On Sat, Mar 5, 2016 at 4:13 AM, PiranjaF [email protected] wrote:

No, but you might be able to do it based on the code in the examples
folder on visualizing the filters, where the gradient is computed
explicitly. Please tell me if you get something working.

—
Reply to this email directly or view it on GitHub
https://github.com/fchollet/keras/issues/1370#issuecomment-192610196.

nouiz on 7 Mar 2016

I'm also wondering if there's a nice way of finding a sensible threshold for gradient clipping without resorting to grid search or other hyperparameter optimization strategies.

carlthome on 17 May 2016

I think when you create the instance of optimiser. you can specify the clipping value of clipping norm
like following.

    opt = rmsprop(clipvalue=100)
    model.compile(loss=neg_log_normal_mixture_likelihood, optimizer=opt)

It is documented in the optimise.py file

class Optimizer(object):
    '''Abstract optimizer base class.

    Note: this is the parent class of all optimizers, not an actual optimizer
    that can be used for training models.

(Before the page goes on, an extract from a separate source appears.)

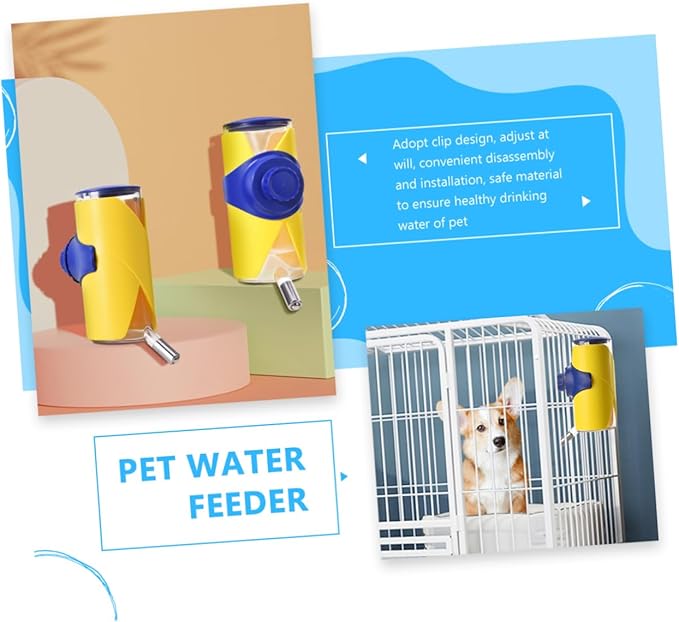 SUPVOX Automatic Pet Water Feeder Hanging Water Dispenser for Dogs and Cats Easy to Nozzle for Travel and Home Use
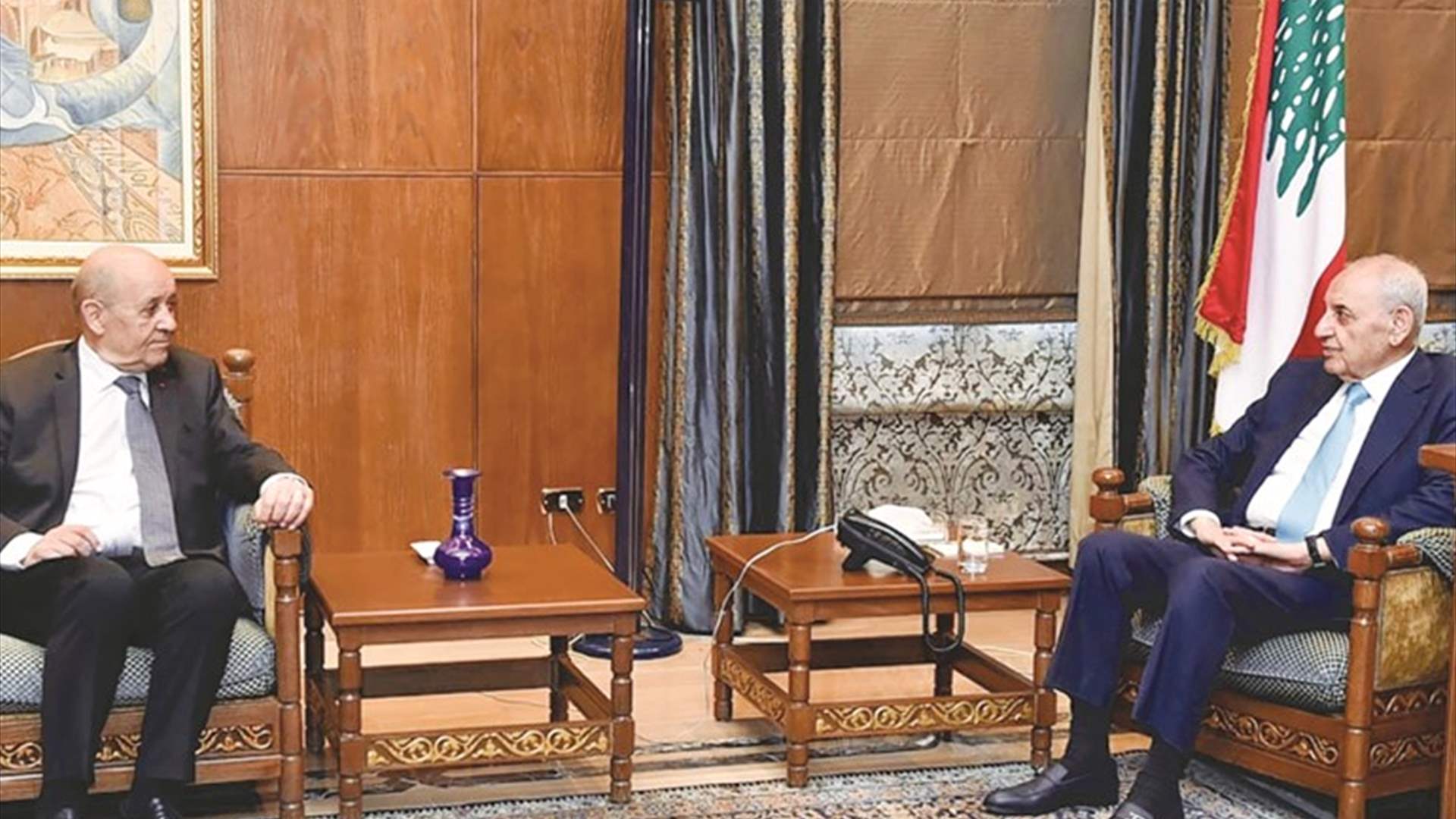 زيارة لودريان تمهيد لتحضير ملف عن الوضع اللبنانيّ للقِمة الاميركية - الفرنسية (الأنباء الكويتية)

    All Keras optimizers support the following keyword arguments:

        clipnorm: float >= 0. Gradients will be clipped
            when their L2 norm exceeds this value.
        clipvalue: float >= 0. Gradients will be clipped
            when their absolute value exceeds this value.
    '''

yunzhou on 27 May 2016

😕4 👍4

@yunzhou, yeah, that's how it's set, but _how do you find out a sensible value to set?_

carlthome on 27 May 2016

👍11

I am also struggling with this. Can someone please tell me what are some "standard" ranges that i can put to my random search for clipnorm and clipvalue?
I have observed increased stability in my NN after adding clipnorm, but i can't just go on trying random values. I need a range for searching.

cbaziotis on 15 Jan 2017

As proposed in https://github.com/fchollet/keras/issues/arxiv.org/pdf/1212.0901 i've build this little code snippet (maybe it helps). It is not beautiful but does its job:

def average_gradient_norm(model, data):
    # just checking if the model was already compiled
    if not hasattr(model, "train_function"):
        raise RuntimeError("You must compile your model before using it.")

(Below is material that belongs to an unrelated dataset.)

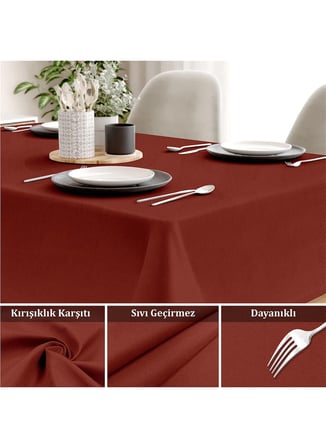Monolisse Bordo Masa Örtüsü CanvasBordSıvıGçrmzLkTtmzMasaÖrtüsü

    weights = model.trainable_weights  # weight tensors

    get_gradients = model.optimizer.get_gradients(model.total_loss, weights)  # gradient tensors

    input_tensors = [
        # input data
        model.inputs[0],
        # how much to weight each sample by
        model.sample_weights[0],
        # labels
        model.targets[0],
        # train or test mode
        K.learning_phase()
    ]

    grad_fct = K.function(inputs=input_tensors, outputs=get_gradients)

    steps = 0
    total_norm = 0
    s_w = None
    while steps < data.steps_per_epoch:
        X, y = next(data)
        # set sample weights to one
        # for every input
        if s_w is None:
            s_w = np.ones(X.shape[0])

        gradients = grad_fct([X, s_w, y, 0])
        total_norm += np.sqrt(np.sum([np.sum(np.square(g)) for g in gradients]))
        steps += 1

    return total_norm / float(steps)

It takes a compiled keras model and a data generator (as you would use with fit_generator) as input and computes the average gradient norm over the entire dataset. This norm can then be used, e.g. with the Adam optimizer.

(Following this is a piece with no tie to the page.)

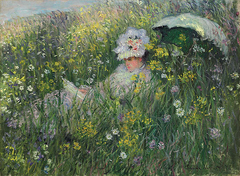 Dans la prairie by Claude Monet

thresh = average_gradient_norm(model, data)
optimizer = Adam(clipnorm=thresh)

To obtain the gradients, if have used @ebanner implementation from: https://github.com/fchollet/keras/issues/2226

peschn on 27 Jul 2017

👍5

For what it's worth: There's also a cheaper way to obtain some insight about the gradient norm by peeking inside the optimizer's weights. RMSprop already tracks the running average square of gradients which can easily be accessed with model.optimizer.weights. To compute the norm:

norm = math.sqrt(sum(numpy.sum(K.get_value(w)) for w in model.optimizer.weights))

This doesn't require compiling and running another function, but of course this will be the norm of the running squared average of gradients according to rho, but it can be good enough to be able to set a sensible clipnorm value.

With some adjustments this might also work with other optimizers than RMSprop.